> [TASK OBJECTIVE]:
Only the lines from the "Abdominoplastia - Clinica Essenza" line through the last line of the material below belong in the answer, reproduced exactly and with no pictures.
(Beginning of PROVIDED DATA)
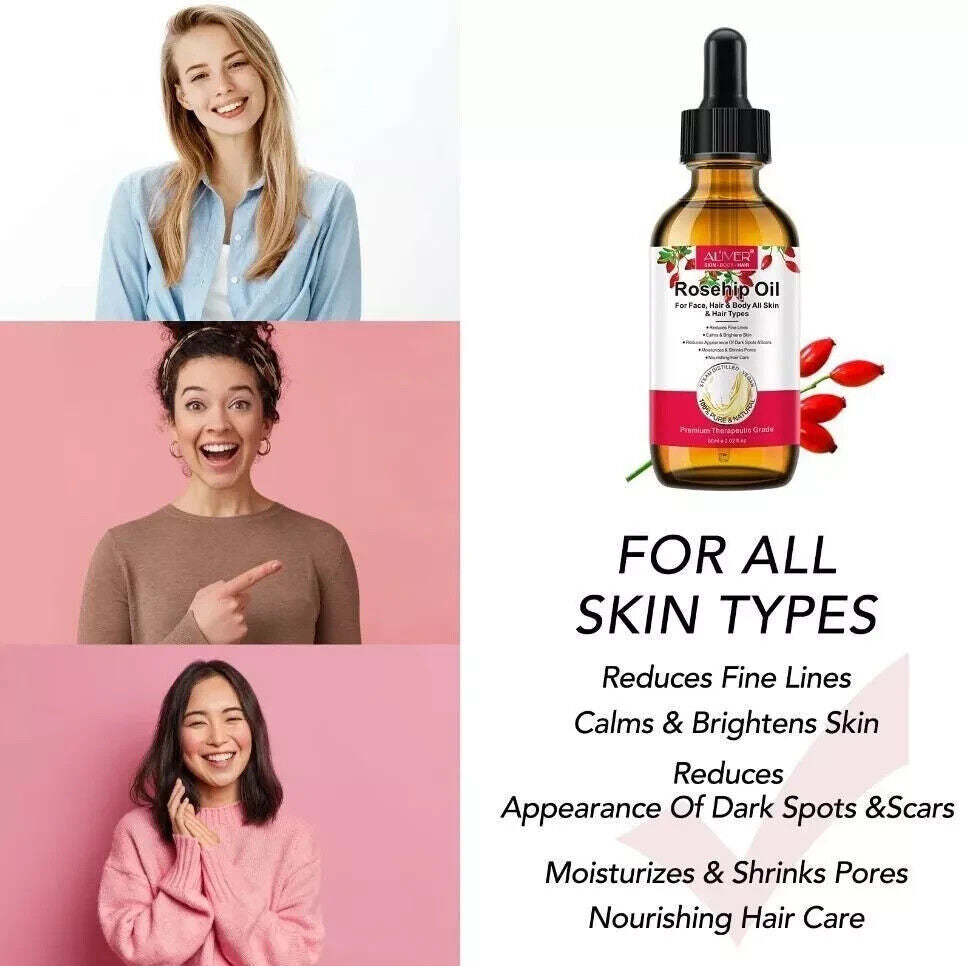 Aliver 100% Pure Rosehip Oil 60ml | Cold-Pressed Natural Oil for Radiant Skin & Healthy Hair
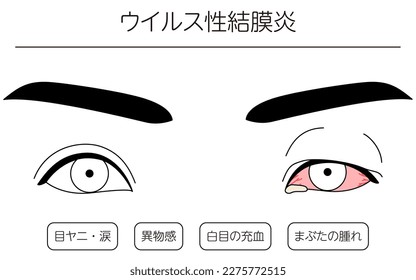 Medical Clipart, Line Drawing Illustration of Eye Disease and Viral conjunctivitis - Translation: Viral conjunctivitis, eye mucus and tears, foreign body sensation, Redness of the white eye, swelling 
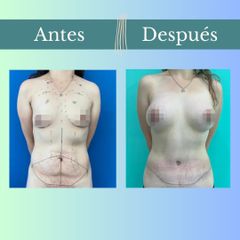 Abdominoplastia - Clinica Essenza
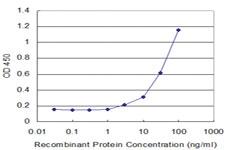 Anti-CYP2D6 Mouse Monoclonal Antibody [clone: 2C5]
(End of PROVIDED DATA)
> [ANSWER SPACE]:
 Abdominoplastia - Clinica Essenza
 Anti-CYP2D6 Mouse Monoclonal Antibody [clone: 2C5]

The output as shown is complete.